I also live in a body with ups and downs, among a people whose bodies have ups and downs. Will I know on a particular day whether I have enough sleep to be able to set out on my Lenten intentions? Will the diagnostic test take me in a different direction than I planned? Will the pernicious and virulent viruses and bacteria swirling around this year pass by me by or land in my throat? On a mundane and frivolous level, what should  I plan to wear day to day–sackcloth and ashes or my dancing shoes?

I have hunkered down to what is basic. Each day I am asking myself: what does my soul need? To stay alive, to go deep, to become closer to the intention of the Holy for me today! And I ask myself: where am I encountering Joy? In breath itself, in creation, in the “littles,” and in the hearts, voices and bodies of those who live their truths unwaveringly. Sacred text grounds me in the constancy of the Holy One; poetry challenges me to find new language for what I believe and continue to believe; mystery stories amuse, divert and give me rest. My soul is refueled with energy and imagination, as I count not only blessings, but wonder and truth and grace.
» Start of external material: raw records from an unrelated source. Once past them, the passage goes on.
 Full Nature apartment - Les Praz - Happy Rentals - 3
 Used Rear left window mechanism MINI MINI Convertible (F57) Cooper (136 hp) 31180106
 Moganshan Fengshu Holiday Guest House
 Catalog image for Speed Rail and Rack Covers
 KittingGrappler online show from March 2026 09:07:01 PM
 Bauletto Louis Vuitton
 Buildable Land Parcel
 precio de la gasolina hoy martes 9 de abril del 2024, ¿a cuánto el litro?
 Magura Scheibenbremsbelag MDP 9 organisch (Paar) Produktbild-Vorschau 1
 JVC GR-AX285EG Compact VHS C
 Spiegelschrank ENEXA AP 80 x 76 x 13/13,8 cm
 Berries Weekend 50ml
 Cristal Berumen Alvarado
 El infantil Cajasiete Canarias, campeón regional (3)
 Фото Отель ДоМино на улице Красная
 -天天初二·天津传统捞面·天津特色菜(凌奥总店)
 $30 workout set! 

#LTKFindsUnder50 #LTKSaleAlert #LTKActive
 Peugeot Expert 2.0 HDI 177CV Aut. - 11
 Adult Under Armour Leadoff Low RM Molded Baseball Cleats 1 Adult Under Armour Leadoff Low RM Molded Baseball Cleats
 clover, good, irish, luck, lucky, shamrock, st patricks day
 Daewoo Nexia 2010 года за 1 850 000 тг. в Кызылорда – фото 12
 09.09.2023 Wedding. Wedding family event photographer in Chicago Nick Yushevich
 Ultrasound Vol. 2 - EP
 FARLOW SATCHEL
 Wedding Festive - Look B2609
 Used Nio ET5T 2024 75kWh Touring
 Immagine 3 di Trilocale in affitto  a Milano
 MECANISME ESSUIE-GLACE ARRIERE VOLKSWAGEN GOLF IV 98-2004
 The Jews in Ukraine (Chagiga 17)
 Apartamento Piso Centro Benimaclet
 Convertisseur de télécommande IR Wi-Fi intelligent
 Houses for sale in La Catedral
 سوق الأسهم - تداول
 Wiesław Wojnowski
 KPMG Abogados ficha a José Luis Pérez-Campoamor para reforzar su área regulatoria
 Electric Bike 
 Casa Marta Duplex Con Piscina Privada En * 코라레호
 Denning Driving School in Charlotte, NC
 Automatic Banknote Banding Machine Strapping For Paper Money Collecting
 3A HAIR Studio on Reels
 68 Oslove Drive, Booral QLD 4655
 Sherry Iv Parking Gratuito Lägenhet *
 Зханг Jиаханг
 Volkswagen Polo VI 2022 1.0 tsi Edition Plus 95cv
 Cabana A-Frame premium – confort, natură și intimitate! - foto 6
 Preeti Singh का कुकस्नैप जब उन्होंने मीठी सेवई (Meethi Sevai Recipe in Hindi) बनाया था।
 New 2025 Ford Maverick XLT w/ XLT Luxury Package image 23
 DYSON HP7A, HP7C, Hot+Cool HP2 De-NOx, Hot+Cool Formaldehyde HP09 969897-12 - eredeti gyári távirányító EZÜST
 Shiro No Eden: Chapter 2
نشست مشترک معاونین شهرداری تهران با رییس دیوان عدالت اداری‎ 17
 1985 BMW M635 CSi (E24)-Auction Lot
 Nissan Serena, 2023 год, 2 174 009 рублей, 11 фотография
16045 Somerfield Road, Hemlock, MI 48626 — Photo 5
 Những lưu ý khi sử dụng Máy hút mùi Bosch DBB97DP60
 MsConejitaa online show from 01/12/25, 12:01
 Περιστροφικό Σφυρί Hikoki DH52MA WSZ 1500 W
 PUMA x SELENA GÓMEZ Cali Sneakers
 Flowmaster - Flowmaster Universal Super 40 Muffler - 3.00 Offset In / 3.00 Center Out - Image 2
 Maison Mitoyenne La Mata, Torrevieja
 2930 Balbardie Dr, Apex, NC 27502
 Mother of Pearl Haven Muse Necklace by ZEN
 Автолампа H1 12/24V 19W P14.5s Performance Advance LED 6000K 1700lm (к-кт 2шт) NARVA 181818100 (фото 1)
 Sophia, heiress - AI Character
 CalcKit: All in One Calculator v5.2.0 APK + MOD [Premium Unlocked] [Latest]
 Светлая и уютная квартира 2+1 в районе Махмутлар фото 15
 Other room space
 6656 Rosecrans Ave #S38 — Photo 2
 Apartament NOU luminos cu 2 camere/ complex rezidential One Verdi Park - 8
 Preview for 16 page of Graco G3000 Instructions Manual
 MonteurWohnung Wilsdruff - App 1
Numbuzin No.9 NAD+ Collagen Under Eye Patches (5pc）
Then, I am trying to see what the the day holds: a phone call, a change of plans, a lunch re-connection, some quiet reading, a trip to the doctor, a meeting. In each of those I am bringing a consciousness of Holy Spirit accompanying me, nudging me, illuminating me, holding me back. Some days it is a time to share Love–with snacks and coloring, with recommending a book, with listening. Some days it is a day to weep and mourn–with those who weep, with our children, for the grief of the world.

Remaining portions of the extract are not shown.